Für die Feststellung der Ersatzpflicht (§ 256 ZPO) genügt ein gegenwärtiges rechtliches Interesse an der Klärung, wenn künftige Schadensfolgen möglich sind und die Ersatzpflicht bestritten wird, insbesondere bei unsicherer Verjährungslage.
Tenor
Die Beklagte wird verurteilt, an die Klägerin 16.048,95 Euro nebst Zinsen in Höhe von 5 Prozentpunkten über dem Basiszinssatz seit dem 13. Januar 2006 zu zahlen.

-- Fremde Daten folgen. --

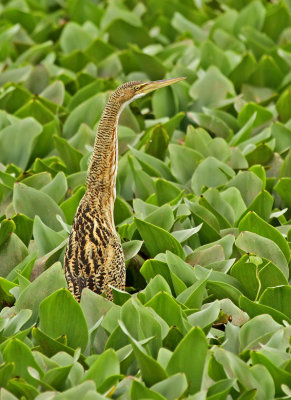 Pinnated Bittern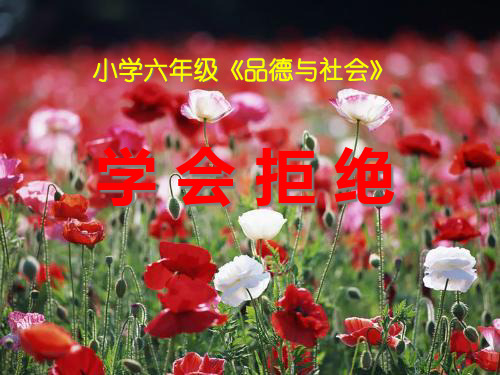 《学会拒绝》走向文明PPT课件三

Es wird festgestellt, daß die Beklagte der Klägerin aus eigenem Recht und aus abgetretenem Recht alle Schäden zu ersetzen hat, die darin begründet sind, daß die Beklagte als Steuerberaterin der Frau D sowie der Klägerin nicht auf die steuerlichen Konsequenzen einer Betriebsaufspaltung hingewiesen hat, und zwar hinsichtlich der Tatsache, daß Frau D alleinige Gesellschafterin der Klägerin und gleichzeitig Vermieterin der Betriebsräumlichkeiten der Klägerin in xx, als Eigentümerin dieses Grundbesitzes ist.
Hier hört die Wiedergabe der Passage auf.